A thorough audit of your current brand perception, both through the eyes of your employees and your external audiences, lets you understand if your current messaging and reputation is projecting the values and attractiveness you are aiming for. Especially in organisations with teams spread across the globe, it is easy for your values to be mistranslated, or be in needing refinement to connect with local audiences.
- Employment review sites – most candidates will be researching these in detail before making a decision on their next employer. What are people saying about your company’s processes and culture? Do you get rated five stars? Do you come across as an attractive brand? Are there negative reviews? If so, have you addressed them effectively?
- Social media – investing in social listening tools can help you track mentions of your organisation over social media, so you gain a deeper insight into how people view your brand.
- Employee feedback – conducting internal surveys or having open meetings with your teams helps you identify problems that might be affecting your ability to attract and retain talent, so they can be rectified as part of your unified employer brand strategy.
- Google alerts – like on social media, it is important to closely monitor the reputation your brand is presenting on Google and other search engines, and determine if this is in line with your objectives.
Who is your ideal candidate? Without a clear answer to this question, you are in no position to effectively develop an employer branding strategy that targets a person with the personality, aspirations and skills to seamlessly join your teams.
This is just a sample of the line of questioning you should be asking about what constitutes the right employee for your brand. Of course, these qualities will differ according to the specific staff role and location you are marketing to, but at a fundamental level there must be a template that helps you craft branding that appeals to the right candidate.
Furthermore, by clarifying your ideal candidate, it is more likely that their transition into joining your team and growing within your organisation will be more satisfying and fulfilling.

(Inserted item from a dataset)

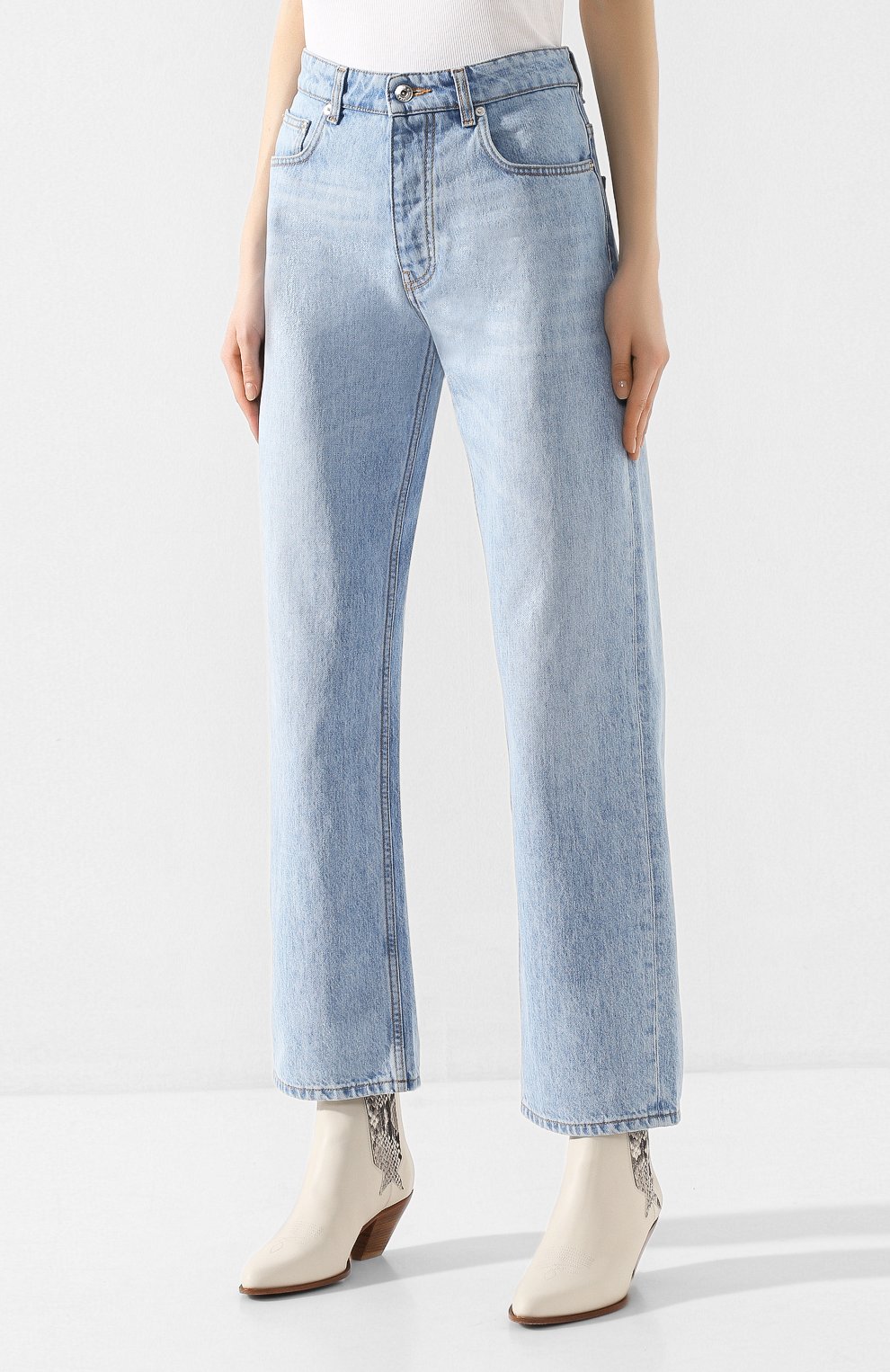 Джинсы NANUSHKA голубого цвета по цене 34700 руб., арт. AMARILL0_BLUE WASH_RIGID DENIM, фото 3 Джинсы NANUSHKA, арт. AMARILL0_BLUE WASH_RIGID DENIM, фото 3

This feeds into your employer branding strategy by determining why someone would choose to join or stay with your company over X competitor. To effectively establish your differentiators or USPs therefore, it is important to reassess your own values and compare these with potential alternatives for recruits.
What issues do you stand for that others don’t? What aspects of your work culture can you promote that others aren’t? Where does your brand excel and stand out against what your competitors can produce? The answers to these questions will define the unique characteristics your company has to boost your attractiveness to recruits.
86% of HR professionals believe recruitment is now on an equal footing with ‘marketing’. In the same way your marketing efforts are geared to set your products and services apart from the crowd, your employer brand strategy needs to working just as hard to keep you in the minds of candidates and improve your current teams’ sense of belonging.
As part of establishing your audience persona, you should have a clearer understanding of what channels are going to connect with the candidates you’re seeking. But it is vital to have these defined as part of your employer branding initiatives, and that consistency is maintained across all platforms you choose to utilise.
By choosing the most effective channels, be it through a careers page on your website, paid media campaigns, or taking your employer branding to social media, you are in a position to tailor and target your audiences far more successfully. Ask employees how they first encountered your brand. Research the most popular platforms and forums for people working in your industry.
Once you’ve identified where you will engage with, use these platforms to frequently translate the inclusivity, vision and development of your brand and your employees. These images, blogs, testimonials and more across the most popular channels for your audience will drive a clear connection with what your brand stands for.